- Genre: Drama; Mythology; ;
- Written by: V. padmavathy Tamizhmaran Ashokan (dialogues)
- Screenplay by: V. padmavathy (1-300) Muthusamy Sakthivel
- Directed by: Parmeshwar
- Starring: Samyuktha Naresh Eswar Nandini Puja
- Country of origin: India
- Original language: Tamil
- No. of seasons: 01
- No. of episodes: 775

Production
- Producer: M. B. Gowrish
- Cinematography: P. A. Muthukumaran Munish M. Ishwaran
- Editor: R. P. Manikandan
- Camera setup: Multi-camera
- Running time: 22-25 mins per epi
- Production company: Rambo Visual Works

Original release
- Network: Kalaignar TV
- Release: 22 January 2024 – 25 July 2026

= Gowri (TV series) =

Gowri is a 2024 - 2026 Indian Tamil-language Mythology television series starring Sujitha in an extended cameo appearances, followed by Samyuktha, Nandini and Naresh Eswar in lead roles. Directed by Parmeshwar, the serial revolves around the life of Durga, a young girl whose fate is shaped by divine forces and human greed.

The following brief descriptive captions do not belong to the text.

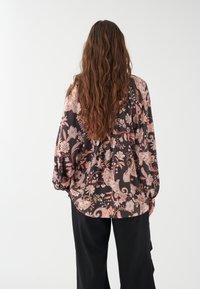 Blusa nera fluida con motivo paisley floreale in rosa e viola, maniche lunghe, vestibilità rilassata e orlo curvo. Indossata con pantaloni neri.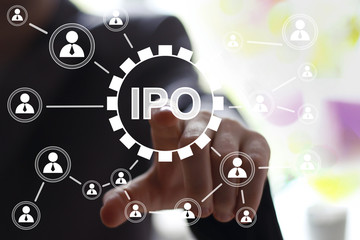 Fototapeta premium Businessman hand press button ipo symbol network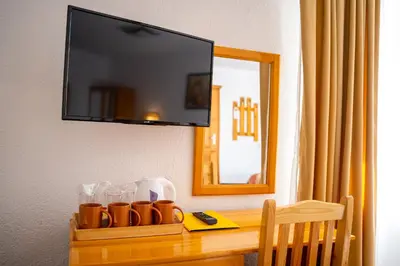 a shelf with cups on a table with a television at Vezyuva House in Bansko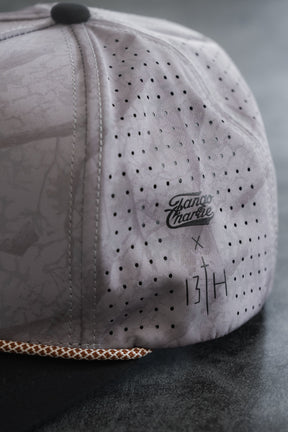 Close-up of the Lift Heavy. Pray Hard. Deadwood Camo Hydro Snapback Hat by Tango Charlie Apparel, featuring a light gray perforated, water-resistant snapback design with a patterned brown and white edge on the brim.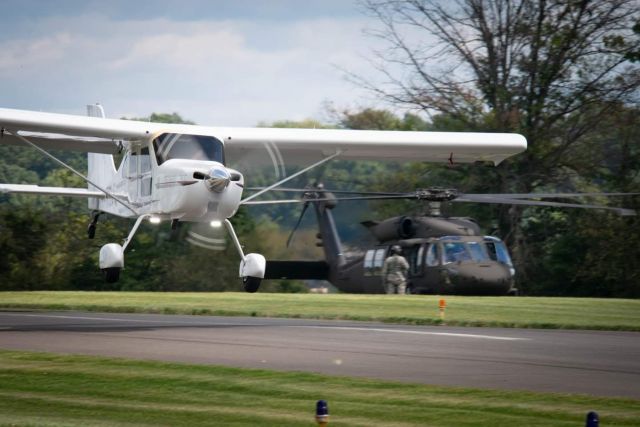 Cessna Centurion (N12LF) - Comp Air CA-6 landing at EAA fly in at Sky Manor (N40).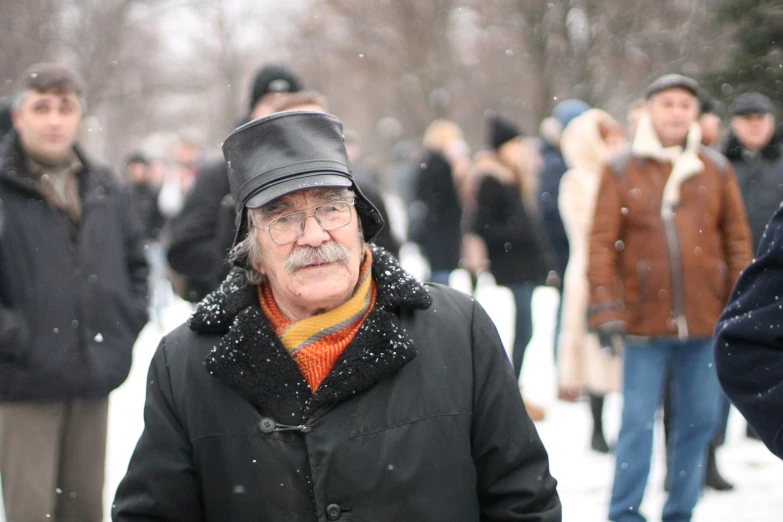 old man with moustache in snow near large group of people
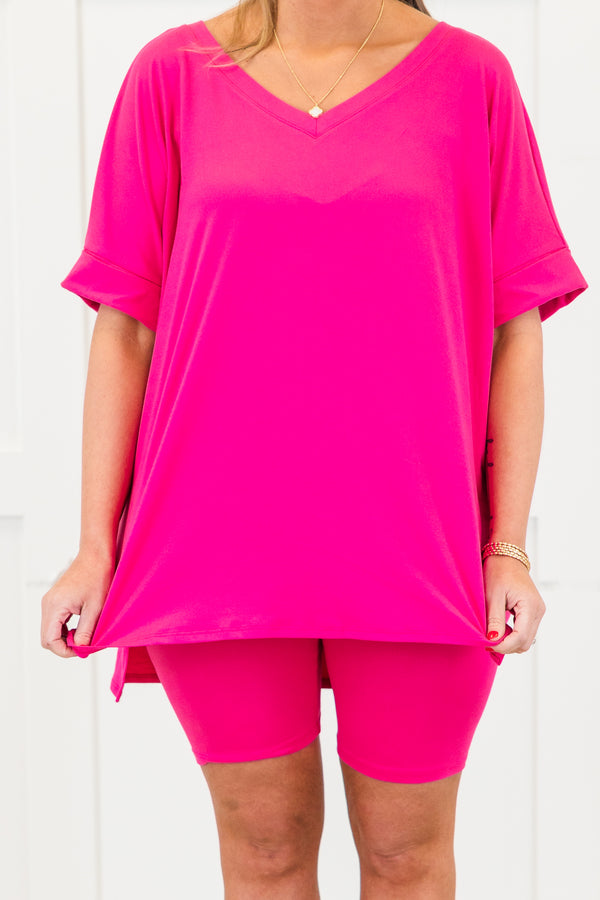 Plus Size neon hot pink set with a v-neck short sleeve tunic top and matching biker shorts.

The show was produced by M. B. Gowrish under Rambo Visual Works. It premiered on Kalaignar TV from 22 January 2024 replacing the serial Vamsam, and ended on 26 July 2026, and airs from Monday to Saturday at 20:00. It is also shown on Kalaignar TV's YouTube channel.

== Plot ==
The series revolves around the journey of a young girl from the small Village Durga (Puja), the human form of the goddess, as she is divinely protected by Goddess Masaniamman against enemies who seek her destruction. The story revolves around Durga, evil her husband`s family.

== Cast ==
=== Main ===
- Samyuktha as Gowri
- Nandini (2024-2025) / Puja as Durga and Kanaga (2025-2026)
- Naresh Eswar as Ashok
- Priyanka Nalkari as Manga (2026)

=== Supporting ===
- Sathish as Aavudaiyappan
- Anju as Akila
- Venkatesh Venki as Deva
- Swetha as Sathya
- Mahesh as Arjun
- Ravi Rahul as Janarathanan
- Tanuja as Kaveri
- Thalapathy Dinesh as Kalan - Kalaputhir
- Punitha (2024-2025) / Vimalaish (2025)
- Anisha Shetty as Maya
- Gracy Thangavel as Draupadi Devi(2026)
- Akshitha Bopaiah as Rukmani(2026)

=== Cameo Appearances ===
- Sujitha as Karumariamman and Advocate Karpagambal and SP Ulaganayagi
- Laavanya
- Mounika Subramanyam as DSP Nandini
- Raaghav
- Preetha
- Papri Ghosh as DSP Umaiyaal
- Indhu Chowdhary

== Production ==
=== Development ===
After the drama Kannedhirey Thondrinal, Rambo Visual Works decide to produce a Mythology series 'Gowri'. It was the second serial production on Kalaignar TV of Rambo Visual Works. The first promo was released on 2 January 2024.

=== Casting ===
Actress Sujitha was cast as goddess Karumariamman and in May 2024 was cast as Karpagambal in cameo appearances. Nandini was cast in the female lead role of Durga. However, in December 2025, she committed suicide because of personal problems, and is replaced by Puja. Naresh Eswar plays the male lead alongside her. Baby Samyuktha was cast as Gowri is young version of Goddess Amman.

In August 2024, actress Mounika was joined as DSP Nandini. In July 2025, actress Indhu Chowdhary was cast in a special appearance. In In the same month, Punitha quit the show, she was replaced by actress Vimalaish. In 2026, actress Priyanka Nalkari was cast in an important role.